Alan Rodrigues
Inventor Riedel e as lentes…

O Brasil coleciona casos de desprezo por seus cientistas. Um exemplo flagrante é o professor mineiro Bernardo Riedel, 60 anos. Aos trancos e barrancos, montando máquinas com peças encontradas em ferro-velho, ele se tornou o maior fabricante de telescópios do País. Sua fábrica, a B. Riedel Ciência e Técnica Ltda., lembra com fidelidade a oficina do Professor Pardal, o alucinado personagem de Walt Disney que popularizou a figura do cientista disposto a tudo para dar vida útil à sucata. Escondido atrás de um muro chapiscado de cimento no pacato bairro do Horto, a três quilômetros do centro de Belo Horizonte, o cenário da fábrica é surrealista. Telescópios modernos nascem em meio a velhas máquinas de costura, colchões rasgados e geringonças enferrujadas que um dia terão utilidade. Ou não.

“Comprei um timer de laboratório fotográfico por R$ 5. Não sei como vou usar, mas dentro dele tem um motor que vale US$ 50 e tem de ser útil”, diz o professor, rindo de si ao lembrar que, poucos dias antes, jogou fora as quinquilharias amontoadas há mais de uma década em seu depósito. Seu maior orgulho é a câmara de vácuo que consumiu cinco anos de trabalho, vários deles juntando polias de assadeira de frango (a popular televisão de cachorro), bomba de vácuo da Força Aérea americana e correia de copiadora. Antes de entrar na câmara de vácuo para ser transformada em espelho de telescópio, a lente é aquecida num antigo forno de pizza.

O cabelo grisalho liso e arrepiado, o nariz fino e a inquietude de quem tem “uma cabeça que não pára um minuto” inspiram os amigos a chamá-lo de Professor Pardal. “Chego no ferro-velho e eles logo dizem ‘lá vem o velho maluco’. Mas consigo quase de graça coisas que custam muito”, vangloria-se, mostrando uma cadeira de dentista com o sistema hidráulico intacto. Para que servirá a cadeira, comprada em São Paulo? “Ainda não tive tempo de descobrir”, explica-se.

Carlos Magno
… usadas por profissionais como Rangel Nunes, do Observatório Nacional

Amazônia – As invenções começaram cedo para Riedel. Aos 13 anos, num acampamento de escoteiros, ele apaixonou-se pelo céu e construiu seu primeiro telescópio, uma estrutura quadrada feita de caixote de madeira. A família acabou jogando-o na faculdade de Bioquímica e, depois, na de Engenharia Sanitária. Para não perder os astros de vista, Riedel passou a fabricar telescópios para amigos. Começou observando crateras na Lua e logo viajou para Júpiter. O professor calcula ter fabricado entre 1.500 e 1.600 aparelhos. Foram para escolas francesas, astrônomos amadores e tribos da Amazônia. “O primeiro telescópio do Norte do Brasil foi feito por ele. Instalei em Roraima para observar o cometa Halley em 1985. Muitos telescópios importados têm espelhos colocados em metal, que oxida com a umidade brasileira. Os do Riedel são colocados em vidro”, ensina o físico Marcomed Rangel Nunes, do Observatório Nacional, no Rio. Segundo Marcomed, um dos trunfos de Riedel é dominar a tecnologia para fabricar telescópios com abertura de 18 centímetros, que capta mais luminosidade dos astros do que os aparelhos importados, com 15 centímetros de diâmetro, em média.
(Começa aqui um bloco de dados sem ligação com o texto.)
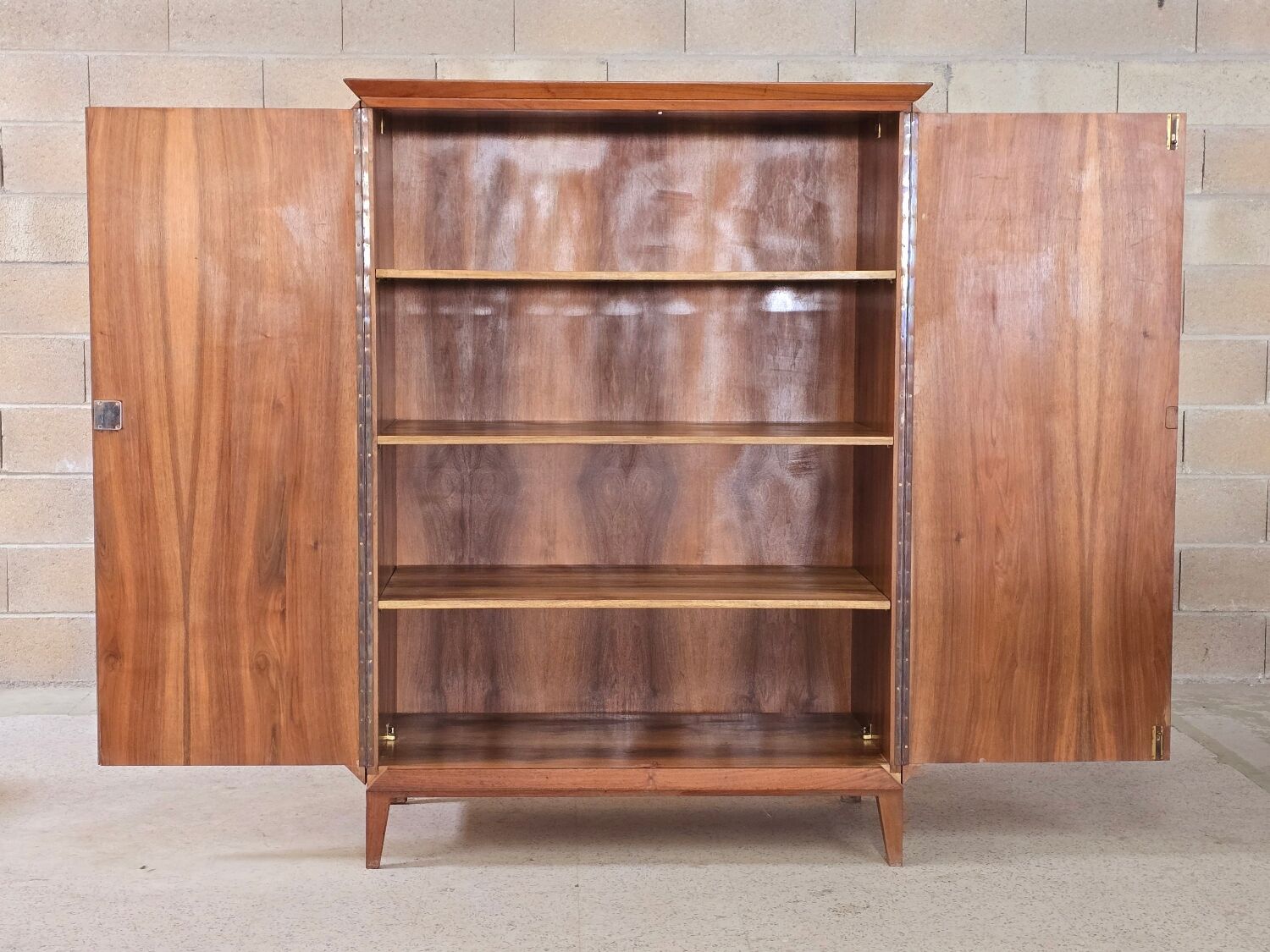 Petite armoire scandinave vintage design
Para o diretor do Centro de Estudos Astronômicos de Minas Gerais, Eduardo Pimentel, Riedel é o melhor ótico do País. “A astronomia nacional deve muito a ele, apesar do velho atraso na entrega”, atesta o astrônomo. “Ih, eu devia ter acabado o do garoto do Jota Quest em julho e ainda não acabei”, confirma o gênio, apontando para o telescópio encomendado pelo tecladista da banda mineira, Márcio Buzelin.

O professor afirma ter gasto com as invenções todo o dinheiro da venda de sete imóveis. Hoje ele tem cinco funcionários e se prepara para montar, na laje do galpão, um centro de observação celeste aberto ao público. Ninguém sabe quando ficará pronto. Ele tenta acionar amigos e clientes em busca de investimento para aumentar a produção de sua fábrica. Os telescópios da B. Riedel custam entre R$ 690 e R$ 2,6 mil, dependendo de tamanho, sofisticação e acessórios. No ano passado, Riedel se aposentou como professor da Universidade Federal de Minas Gerais. A burocracia e a falta de recursos, segundo ele, empurram os espíritos criadores para fora do País. “Nas universidades americanas, uma idéia começa a ser executada em um mês. Aqui, demora anos para sair do papel, quando sai.